Besser wäre gewesen _"Gerücht über ein mögliches Mordopfer des Jokers" _oder _"Theorie über Sophie"_


----------



## Herbboy (7. November 2019)

Worrel schrieb:


> Natürlich ist das ein Spoiler. Wenn man jetzt den Film zum ersten Mal sieht und Sophie auf der Leinwand erscheint, weiß man, daß sie zumindest verschwinden, wenn nicht gar als Leiche enden wird.


 Es kann sein...

… dass sie im Film als Leiche auftaucht, ohne dass man den Mörder sieht
… dass man einen "Schatten" als Mörder sieht
… dass der Joker sie tötet, es aber alles andere als sicher ist, ob es nicht nur ein Tagtraum gewesen sein kann
… dass sie im Film von anderen vermisst wird und man lediglich vermutet, sie wäre ermordet worden.
… dass sie einfach irgendwann nicht mehr auftaucht, so wie es bei etlichen Charakteren in Filmen ist, aber manche Zuschauer spinnen sich daher dann was zusammen.

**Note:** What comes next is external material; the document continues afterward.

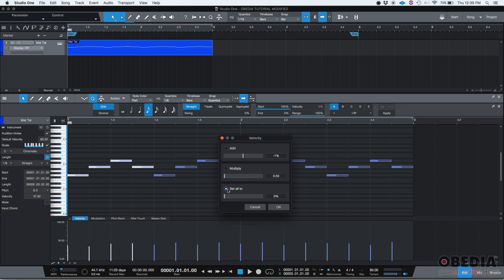You could also do set all to. Set all to means that every single velocity is going to be set to the same amount.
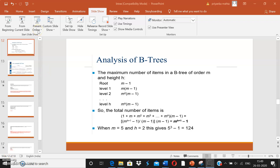In the last video we discussed about M-way trees and B-trees, including how B-trees are created. There are certain rules which need to be followed: all the leaf nodes in a B-tree should be at the same level, all non-leaf nodes other than the root and leaf nodes should have minimum m/2 children, and all leaf nodes can have maximum m minus 1 keys. The root can have a total of m children.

D.h. an sich weiß man nichts, außer dass man NICHT sieht, dass der Joker sie definitiv und innerhalb der Film-Realität bestätigt getötet hat. Da ich den Film gesehen hab kann ich sagen: dieser "Wissensvorsprung" tut dem Film 100-pro keinen Abbruch, außer vlt. man würde ohne die Info im Kinosessel sitzen und sich fragen, ob er sie sichtbar töten wird. Denn in dem Fall weiß halt dann, dass man das nicht sehen wird bzw. sich nicht sicher sein wird. Aber selbst das würde ich nicht als schlimm empfinden, das ist eine winzige Info, die aus meiner Sicht rein gar nichts der Spannung nehmen wird. Da gibt es etliche Filme, in denen allein durch einen normalen Trailer deutlich wichtigere Dinge schon verraten werden. 

Trotzdem hätte man die News natürlich neutraler formulieren können.


----------



## BubbaSmith (7. November 2019)

"Die meisten Leute, mit denen ich gesprochen habe, denken, dass er sie nicht getötet hat. Sie verstehen die grundlegende Idee, dass er nur diejenigen Leute umbringt, die ihm Böses getan haben. Sie hatte damit nichts zu tun. Die meisten Leute verstehen, dass er trotz seiner dunklen Seite nach einem gewissen Code lebt."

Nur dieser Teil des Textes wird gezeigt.